En la planta superior, el apartamento de setecientos cincuenta euros, con una habitación diminuta cuya ventana da al hueco por el que sube el montacargas de la tercera edad.
–No hace ruido –apunta el agente inmobiliario mientras abre la ventana que apenas recorre un palmo–. No se abre del todo por seguridad –añade–, por los niños.
¿Los niños? ¿Qué matrimonio va a vivir aquí con sus hijos si apenas cabe una pesona? Hay espacio para el zulo con vistas a hierros y poleas, un dormitorio sin vía de escape, un baño equipado como un Tetris y un salón-comedor con cocina office. El resto es pasillo, todo cubierto con parquet, un maderamen de papel que se ondula como una patata Ruffles y en el que se te hunden los pies como si fueras Fraga paseando por la playa de Palomares.
La visita termina en el salón trino, amalgama moderadamente espaciosa con un enorme ventanal que sirve de marco para la terraza de ensueño de las fotografías del anuncio. Hermosa, sin paragón. ¡Y un sol! Uno podria darlo todo, la dignidad principalmente, para poder disfrutar de este enorme y agradable retazo de paraíso en mitad de una ciudad con alarmantes niveles de polución: el mundo se cae, pero yo con una sonrisa y un daikiri en el solecito.
–Y aquí la terraza –dice el comercial.
–Oh... –momento de éxtasis, fugaz y caduco–. ¿La puerta?
–No hay puerta.
Confusión.
–¿Y cómo se accede a la terraza?
–La terraza es del dueño. Pero él casi nunca está.
–Pero, pero... ¿no forma parte del apartamento?
–No, el dueño vive al lado, y se accede desde su lado. Pero él nunca está.
–¿Qué me está queriendo decir?
–Que la terraza es preciosa y muy grande.

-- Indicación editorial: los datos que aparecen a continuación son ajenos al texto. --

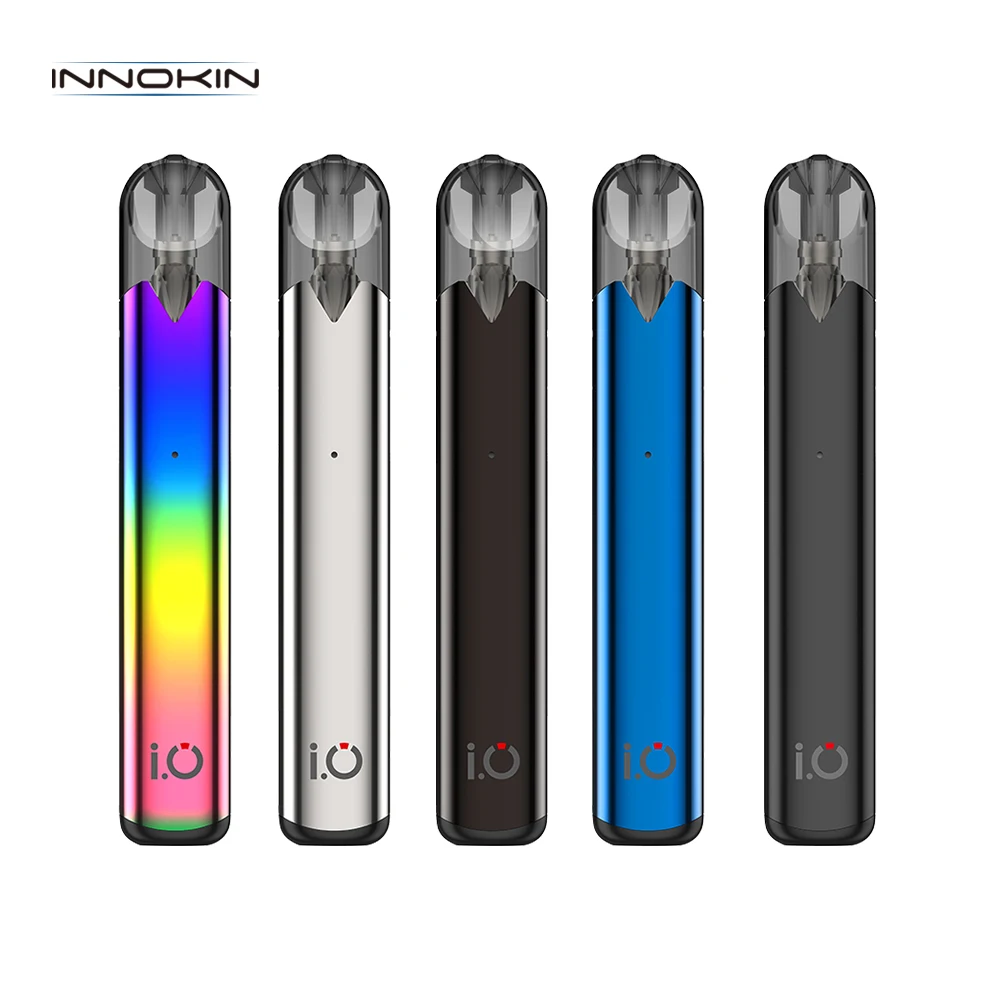 

Original Innokin IO Pod Vape kit 310mAh Battery with 0.8ml Cartridge Electronic Cigarette 1.4ohm coil Refillable pod vaporizer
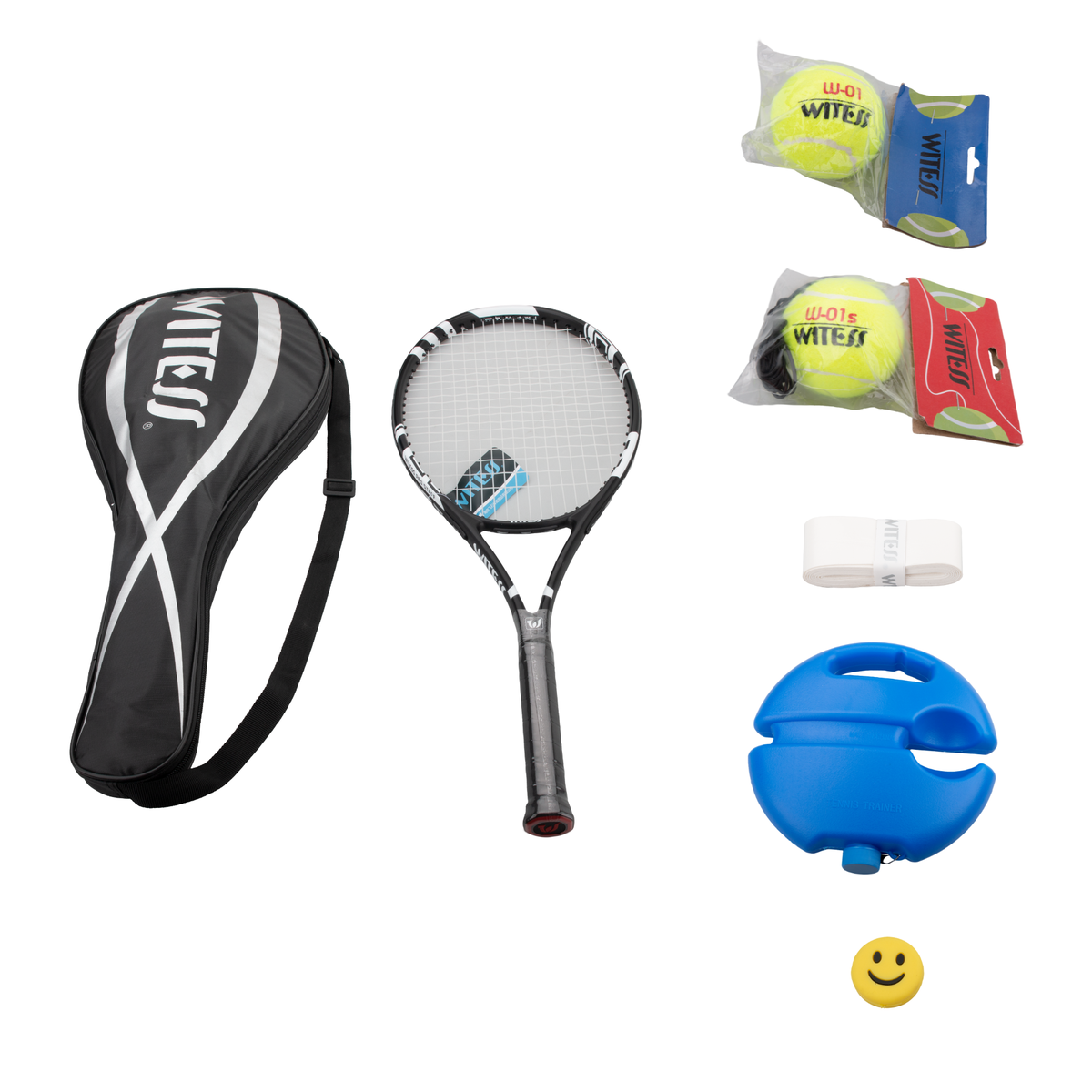 Carbon Fibre Solo Tennis Racket Training Set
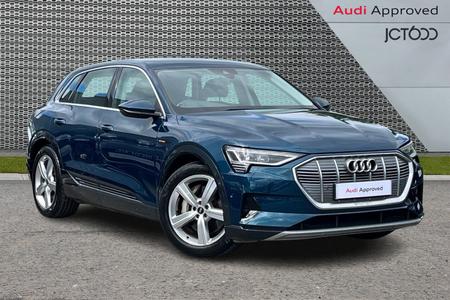 2021 AUDI QUATTRO 71.2KWH 11KW CHARGER 313 PS PRICE 19,139 FINANCE 321.65 ELECTRIC 2021 16,085... photo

Y si os lleváis bien con el dueño... Igualmente, él nunca está.
¿Me está intentando alquilar por 750 euros la mitad de la planta superior de una casa pequeña en una calle estrecha y escondida del centro de la ciudad con un dormitorio sin ventanas, una habitación para bebé pegada al hueco de un ascensor, y un salón tres-en-uno cuya única entrada de luz da a un amplio balcón que no puedo catar a menos que me cuele de extranjis o que le chupe la polla al dueño? ¿Una terraza a la que, por cierto, puede acceder el propietario cuando le dé la gana y verme en bolingas sin previo aviso ni restricciones gracias al fantástico y enorme ventanal que da a una salón donde todo los muebles olerán a frito porque la puta cocina no tiene paredes que la separen?
Lo miro detenidamente. "Soy honesto" me ha dicho al empezar a darme el paseo por el palacio de David el Gnomo.
Sí, me lo está alquilando, y sin atisbo de vergüenza alguno.